On 28/11/2018 5:26 pm, David Holmes wrote:
> Hi Thomas,
> 
> On 28/11/2018 4:30 pm, Thomas Stüfe wrote:
>> Hi David,
>>
>> I admit I still do not really get it..
>>
>> E.g. for GC threads:
>>
>> We have
>>
>> static ConcurrentMarkSweepThread*
>> ConcurrentMarkSweepThread::start(CMSCollector* collector);
>>
>> which creates a ConcurrentMarkSweepThread and then calls
>> os::create_thread() to hook it up with an OSThread and start it.
>>
>> ConcurrentMarkSweepThread derives from NonJavaThread, which in its
>> constructor adds the thread object to the list.
>>
>> So there is a time gap where the NJT is part of the list, but
>> Thread::_osthread is still NULL.
>>
>> In ThreadTimesClosure::do_thread(), we call
>> os::thread_cpu_time(thread)->fast_cpu_time(thread)->os::Linux::pthread_getcpuclockid(thread->osthread()->pthread_id(), 
>>
>> &clockid);
>>
>> Should we then not crash when dereferencing the NULL
>> osthread()->pthread_id()? Why do we crash inside
>> pthread_getcpuclockid?
>>
>> If I look further into os::create_thread(), I see that there is
>> another, smaller time gap where we create OSThread and anchor it into
>> the Thread object:
>>
>>    thread->set_osthread(osthread);
>>
>> and then later, after pthread_create is thru, set its thread id:
>>
>>      // Store pthread info into the OSThread
>>      osthread->set_pthread_id(tid);
>>
>> When OSThread is created, we call OSThread::pd_initialize() and set
>> its _threadid to 0. We do this in the constructor, before anchoring
>> the OSThread in its Thread.
>>
>> So for my understanding, we should have two situations:
>>
>> (1)- NJT is in list, but its _osthread member is NULL. In that case I
>> would expect a different crash.
>> (2)- NJT is in list, _osthread is set, but its _thread_id is NULL.
> 
> Yes both situations may be possible.

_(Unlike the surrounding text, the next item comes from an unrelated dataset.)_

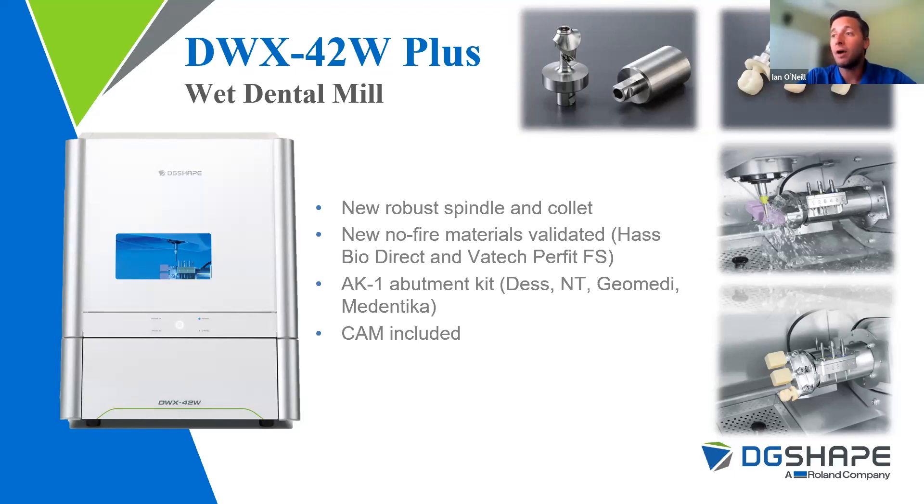No-fire materials are convenient because you're not having to fire things or put them through crystallization cycles. This allows you to offer same-day crown capabilities to a practice in close proximity — if someone sends you their file, you design it, and an hour later you could be delivering a same-day restoration. The 42W+ also offers the AK-1 kit, with compatible platforms including DES, NT Trading, GeoMedi, and Medentico. CAM software is included with the 42W+ purchase at no additional charge, and we pair it with Millbox.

In the related bug report only the 
> 0 thread_id was observed.
> 
>> (Modulo any concurrency issues, e.g. could the
>> "thread->set_osthread(osthread);" be visible before OSThread is
>> initialized?
>>
>> Depending on what is happening, a fix for (1) would probably be a
>> querying for osthread==NULL, a fix for (2) would be to guard os::---
>> functions - well, at least os::thread_cpu_time() - to disregard
>> Threads with pthread_t == 0. Both fixes seem better to me than
>> querying the stacksize() when walking the list - that seems a bit
>> awkward.
> 
> I find it awkward that the list is populated with partially constructed 
> threads in the first place. This particular code is only interested in 
> live threads that can safely be queried. The stack_size() check is a 
> surrogate for "this is a live thread that can be queried".
> 
>> -- 
>> P.s.
>>
>> ConcurrentGCThread::ConcurrentGCThread() :
>>    _should_terminate(false), _has_terminated(false) {
>> };
>>
>> I was surprised to see no invocation to the base class ctor in the
>> initializer list. I was not aware that this was even possible. For
>> code clearness, I would prefer the call to the base class ctor to be
>> explicit.)
> 
> I assume it is implicit. But yes it should be explicit.
> 
> Cheers,
> David
> 
>> -- 
>>
>> Cheers, Thomas
>>
>>
>> On Wed, Nov 28, 2018 at 3:58 AM David Holmes <david.holmes at oracle.com> 
>> wrote:
>>>
>>> Sorry for the delayed response.
>>>
>>> On 21/11/2018 3:01 pm, Kim Barrett wrote:
>>>>> On Nov 20, 2018, at 3:50 AM, David Holmes <david.holmes at oracle.com> 
>>>>> wrote:
>>>>>
>>>>> After discussions with Kim I've decided to split out the NJT list 
>>>>> update into a separate RFE:
>>>>>
>>>>> https://bugs.openjdk.java.net/browse/JDK-8214097
>>>>>
>>>>> So only the change in management.cpp needs reviewing and testing.
>>>>>
>>>>> Updated webrev:
>>>>>
>>>>> http://cr.openjdk.java.net/~dholmes/8212207/webrev.v2/
>>>>
>>>> Looks good.
>>>
>>> Thanks Kim.
>>>
>>> I've decided to stick with this simple fix for NJTs only.
>>>
>>> David
>>>
>>>>>
>>>>> Thanks,
>>>>> David
>>>>>
>>>>> On 20/11/2018 10:01 am, David Holmes wrote:
>>>>>> Bug: https://bugs.openjdk.java.net/browse/JDK-8212207
>>>>>> webrev: http://cr.openjdk.java.net/~dholmes/8212207/webrev/
>>>>>> There is an internal management API that reports CPU times for 
>>>>>> NonJavaThreads (NJTs). That functionality requires a valid/live 
>>>>>> target thread so that we can use its pthread_t identity to obtain 
>>>>>> its CPU clock via pthread_getcpuclockid().
>>>>>> There is an iteration mechanism for NJTs in which the NJT is 
>>>>>> registered during its constructor and de-registered during its 
>>>>>> destructor. A thread that has only been constructed has not yet 
>>>>>> executed and so is not a valid target for this management API. 
>>>>>> This seems to be the cause of failures reported in this bug (and 
>>>>>> JDK-8213434). Registering a NJT only when it starts executing is 
>>>>>> an appealing fix for this, but that impacts all current users of 
>>>>>> the NJT list and straight-away causes a problem with the 
>>>>>> BarrierSet initialization logic. So I don't attempt that.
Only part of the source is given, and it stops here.